The problem: Check every line of the data below for the string "associated", and copy the ones that hold it.

Input records Start Marker

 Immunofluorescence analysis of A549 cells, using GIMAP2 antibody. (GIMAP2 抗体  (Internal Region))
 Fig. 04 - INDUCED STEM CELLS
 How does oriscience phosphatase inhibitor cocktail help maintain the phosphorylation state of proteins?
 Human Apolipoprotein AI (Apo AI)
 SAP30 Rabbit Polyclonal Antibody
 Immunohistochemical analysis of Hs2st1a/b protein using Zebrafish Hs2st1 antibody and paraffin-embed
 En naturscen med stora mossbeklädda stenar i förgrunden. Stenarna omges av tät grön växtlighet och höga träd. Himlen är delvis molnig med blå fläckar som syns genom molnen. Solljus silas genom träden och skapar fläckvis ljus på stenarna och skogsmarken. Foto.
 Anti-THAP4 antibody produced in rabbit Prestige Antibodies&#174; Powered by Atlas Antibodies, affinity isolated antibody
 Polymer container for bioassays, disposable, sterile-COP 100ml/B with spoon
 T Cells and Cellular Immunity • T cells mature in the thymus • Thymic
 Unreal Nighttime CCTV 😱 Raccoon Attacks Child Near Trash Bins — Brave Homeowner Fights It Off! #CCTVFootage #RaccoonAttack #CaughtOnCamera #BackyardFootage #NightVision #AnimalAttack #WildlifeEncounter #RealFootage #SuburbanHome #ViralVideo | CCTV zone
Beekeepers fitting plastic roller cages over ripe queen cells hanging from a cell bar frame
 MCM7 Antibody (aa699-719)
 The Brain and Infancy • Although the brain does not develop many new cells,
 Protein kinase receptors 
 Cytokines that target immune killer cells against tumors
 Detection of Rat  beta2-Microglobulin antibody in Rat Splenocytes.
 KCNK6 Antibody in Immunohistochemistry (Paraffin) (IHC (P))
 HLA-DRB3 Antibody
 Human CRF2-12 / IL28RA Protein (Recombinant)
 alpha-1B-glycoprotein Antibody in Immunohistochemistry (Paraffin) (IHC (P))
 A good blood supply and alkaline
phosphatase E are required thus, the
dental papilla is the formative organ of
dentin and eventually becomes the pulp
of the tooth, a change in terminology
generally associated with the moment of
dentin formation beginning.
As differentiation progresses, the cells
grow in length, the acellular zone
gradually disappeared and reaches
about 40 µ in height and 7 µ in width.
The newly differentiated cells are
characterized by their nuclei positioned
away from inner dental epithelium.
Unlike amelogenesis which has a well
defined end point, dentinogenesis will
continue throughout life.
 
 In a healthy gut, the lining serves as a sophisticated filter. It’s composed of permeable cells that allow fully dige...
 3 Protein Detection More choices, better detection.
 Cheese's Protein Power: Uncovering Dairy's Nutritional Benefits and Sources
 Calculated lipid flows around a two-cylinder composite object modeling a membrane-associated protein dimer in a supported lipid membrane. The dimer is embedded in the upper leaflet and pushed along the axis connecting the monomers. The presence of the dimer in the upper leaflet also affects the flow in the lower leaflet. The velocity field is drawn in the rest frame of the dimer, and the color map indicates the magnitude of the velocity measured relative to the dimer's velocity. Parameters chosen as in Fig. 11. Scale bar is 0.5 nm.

Input records End Marker

Response:
generally associated with the moment of
 Calculated lipid flows around a two-cylinder composite object modeling a membrane-associated protein dimer in a supported lipid membrane. The dimer is embedded in the upper leaflet and pushed along the axis connecting the monomers. The presence of the dimer in the upper leaflet also affects the flow in the lower leaflet. The velocity field is drawn in the rest frame of the dimer, and the color map indicates the magnitude of the velocity measured relative to the dimer's velocity. Parameters chosen as in Fig. 11. Scale bar is 0.5 nm.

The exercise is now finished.